The First Affiliated Hospital of Guangxi Medical University, Nanning, Guangxi, China.
PLoS One. 2023 Feb 3;18(2):e0281439. doi: 10.1371/journal.pone.0281439. eCollection 2023.
Acute kidney injury (AKI) is a serious and frequently observed disease associated with high morbidity and mortality. Weighted gene co-expression network analysis (WGCNA) is a research method that converts the relationship between tens of thousands of genes and phenotypes into the association between several gene sets and phenotypes. We screened potential target genes related to AKI through WGCNA to provide a reference for the diagnosis and treatment of AKI. Key biomolecules of AKI were investigated based on transcriptome analysis. RNA sequencing data from 39 kidney biopsy specimens of AKI patients and 9 normal subjects were downloaded from the GEO database. By WGCNA, the top 20% of mRNAs with the largest variance in the data matrix were used to construct a gene co-expression network with a p-value < 0.01 as a screening condition, showing that the blue module was most closely associated with AKI. Thirty-two candidate biomarker genes were screened according to the threshold values of |MM|≥0.86 and |GS|≥0.4, and PPI and enrichment analyses were performed. The top three genes with the most connected nodes, alanine-glyoxylate aminotransferase 2(AGXT2), serine hydroxymethyltransferase 1(SHMT1) and aconitase 2(ACO2), were selected as the central genes based on the PPI network. A rat AKI model was constructed, and the mRNA and protein expression levels of the central genes in the model and control groups were verified by PCR and immunohistochemistry experiments. The results showed that the relative mRNA expression and protein levels of AGXT2, SHMT1 and ACO2 showed a decrease in the model group. In conclusion, we inferred that there is a close association between AGXT2, SHMT1 and ACO2 genes and the development of AKI, and the down-regulation of their expression levels may induce AKI.

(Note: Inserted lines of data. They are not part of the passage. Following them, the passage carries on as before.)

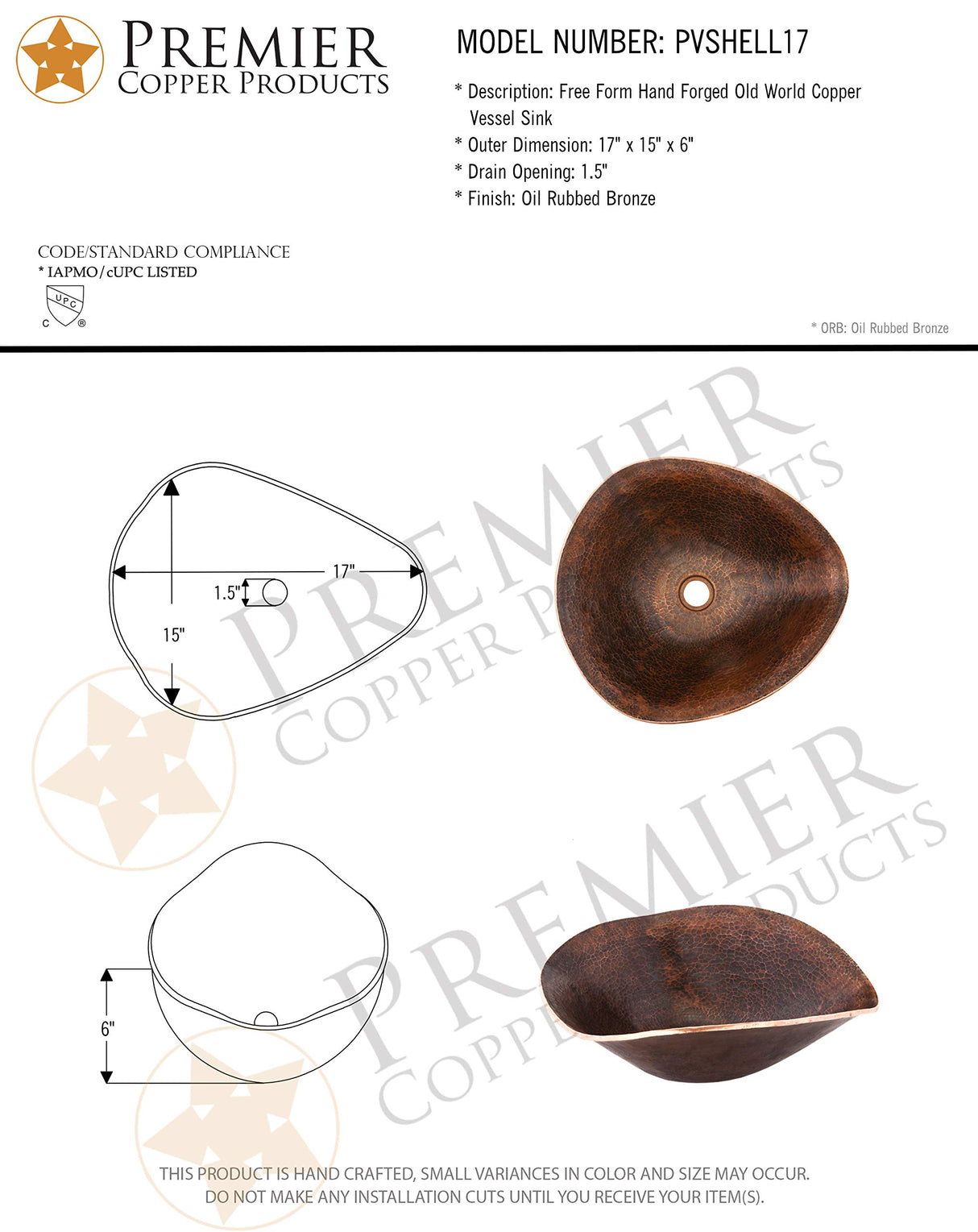 Premier Copper Products PVSHELL17-Inch Free Form Hand Forged Old World Copper Vessel Sink, Oil Rubbed Bronze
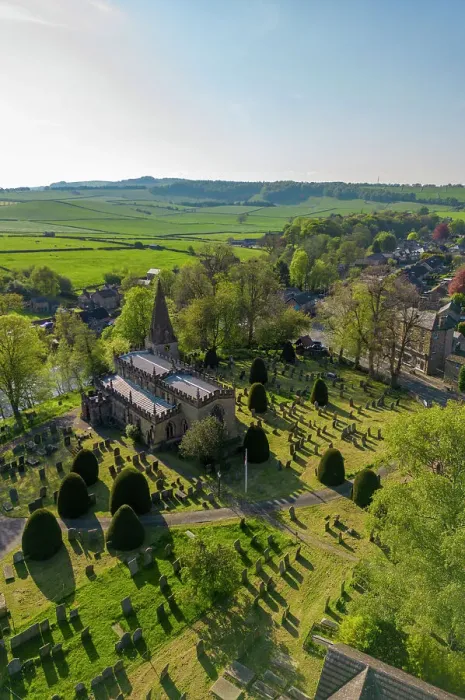 Framed Print : Aerial view of Baslow church and village, Peak District National Park, Derbyshire, England, United Kingdom, Europe Framed Print : Aerial view of Baslow church and village, Peak District National Park, Derbyshire, England, United Kingdom, Europe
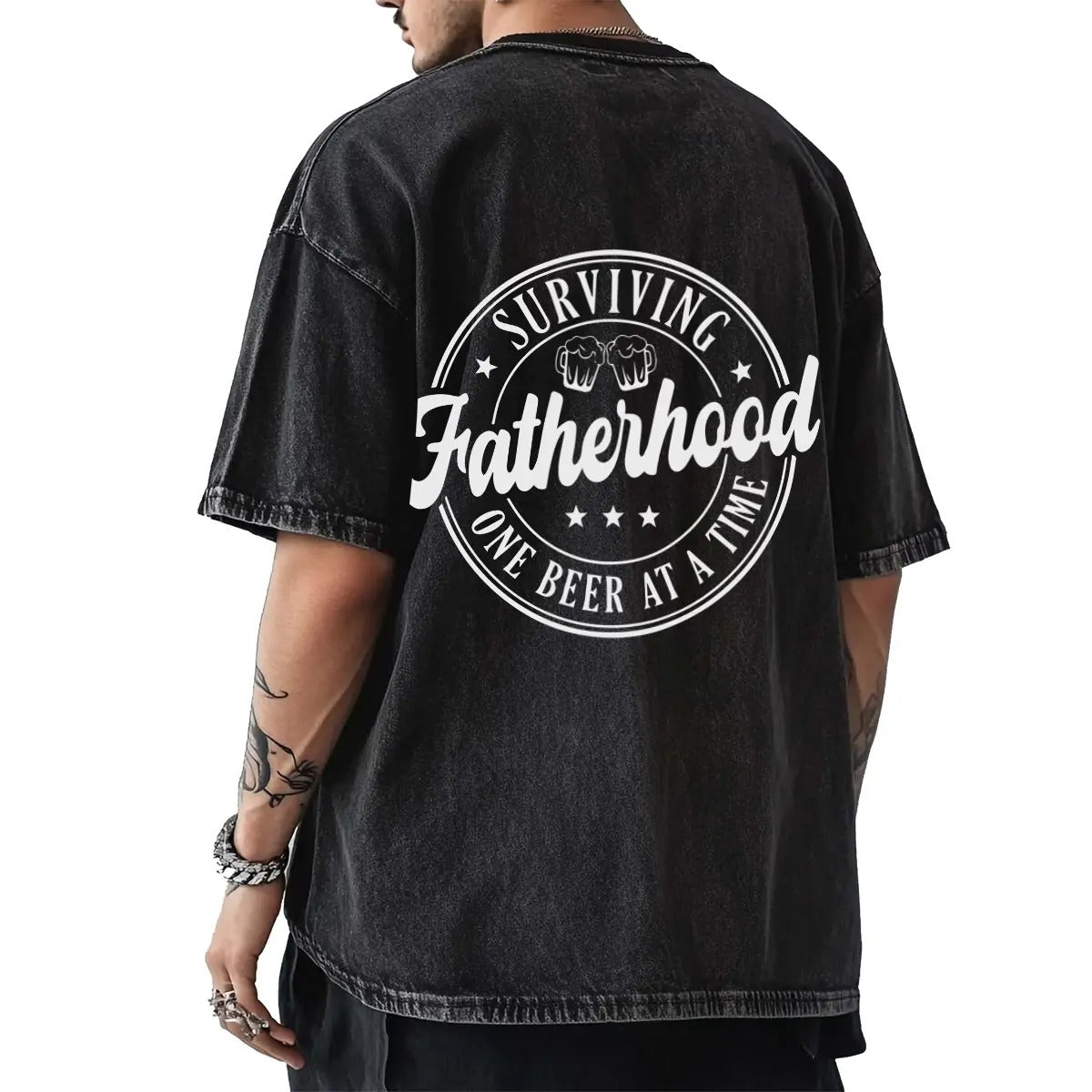 Surviving Fatherhood One Beer At A Time Funny Dad Graphic T-Shirt / Sweatshirt / Hoodie
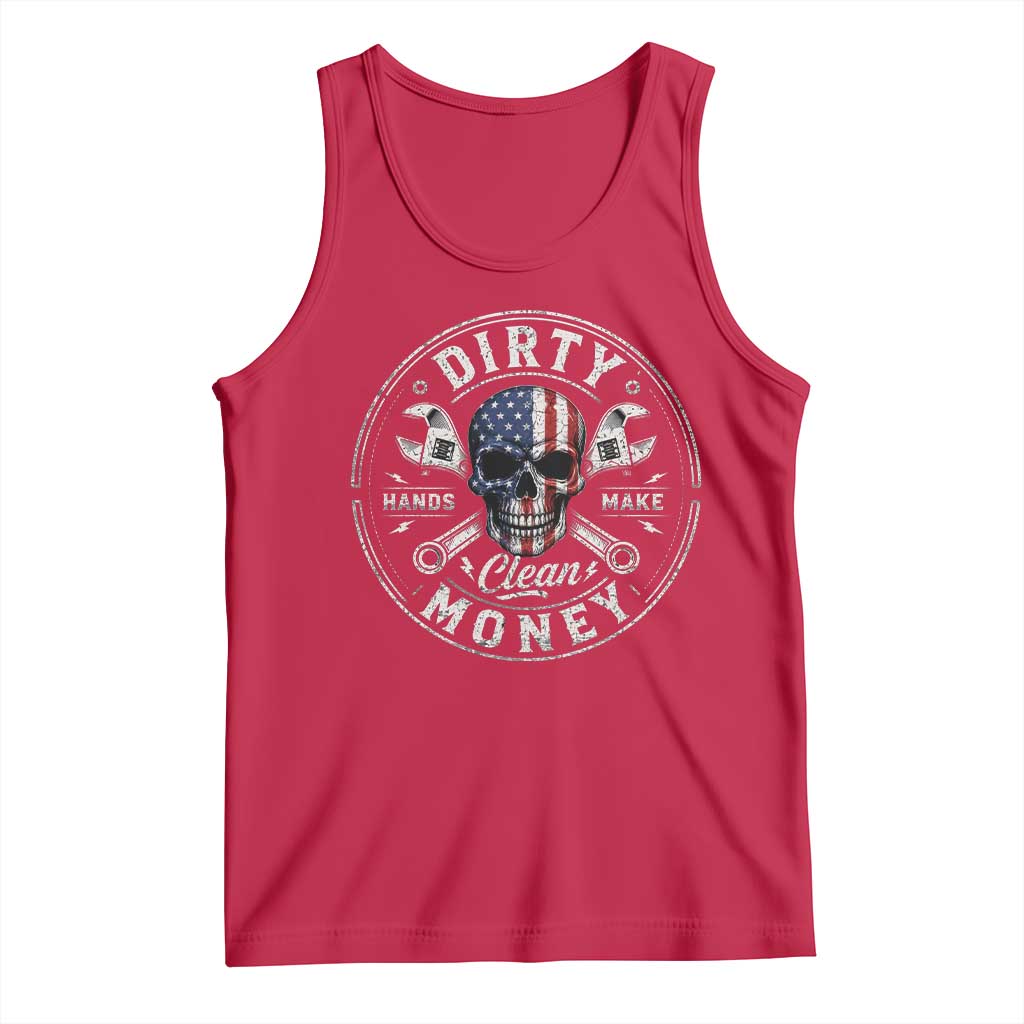 Mechanic Skeleton Tank Top My Hands May Be Dirty But My Money is Clean Auto Repair Garage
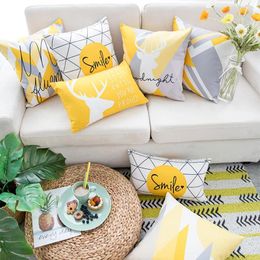 Almohada amarillo s geométrico simple sala de estar de lujo gran abrazo de abrazadera de almohada almuerzo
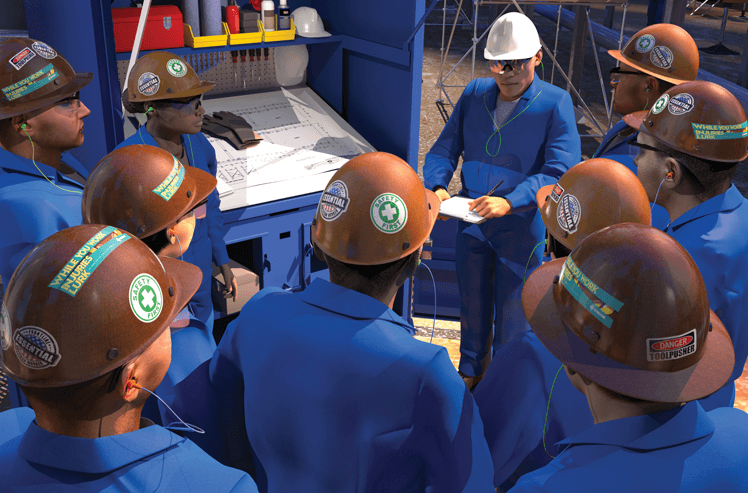 Illustration graphic of a workers discussing safety controls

急性肾损伤(AKI)是一种严重且常见的疾病,与高发病率和死亡率相关。加权基因共表达网络分析(WGCNA)是一种将数万基因与表型之间的关系转化为几个基因集与表型之间关联的研究方法。我们通过 WGCNA 筛选与 AKI 相关的潜在靶基因,为 AKI 的诊断和治疗提供参考。基于转录组分析研究 AKI 的关键生物分子。从 GEO 数据库中下载了 39 例 AKI 患者和 9 例正常对照的肾脏活检标本的 RNA 测序数据。通过 WGCNA,使用数据矩阵中具有最大方差的前 20%的 mRNA 构建基因共表达网络,筛选条件为 p 值<0.01,结果显示蓝色模块与 AKI 最密切相关。根据|MM|≥0.86 和 |GS|≥0.4 的阈值筛选出 32 个候选生物标志物基因,并进行 PPI 和富集分析。根据 PPI 网络,选择连接节点最多的前三个基因,丙氨酸-乙醛酸转氨酶 2(AGXT2)、丝氨酸羟甲基转移酶 1(SHMT1)和 aconitase 2(ACO2)作为中心基因。构建大鼠 AKI 模型,通过 PCR 和免疫组织化学实验验证模型组和对照组中心基因的 mRNA 和蛋白表达水平。结果表明,模型组中 AGXT2、SHMT1 和 ACO2 的相对 mRNA 表达和蛋白水平降低。综上所述,我们推断 AGXT2、SHMT1 和 ACO2 基因与 AKI 的发生发展密切相关,其表达水平下调可能诱导 AKI。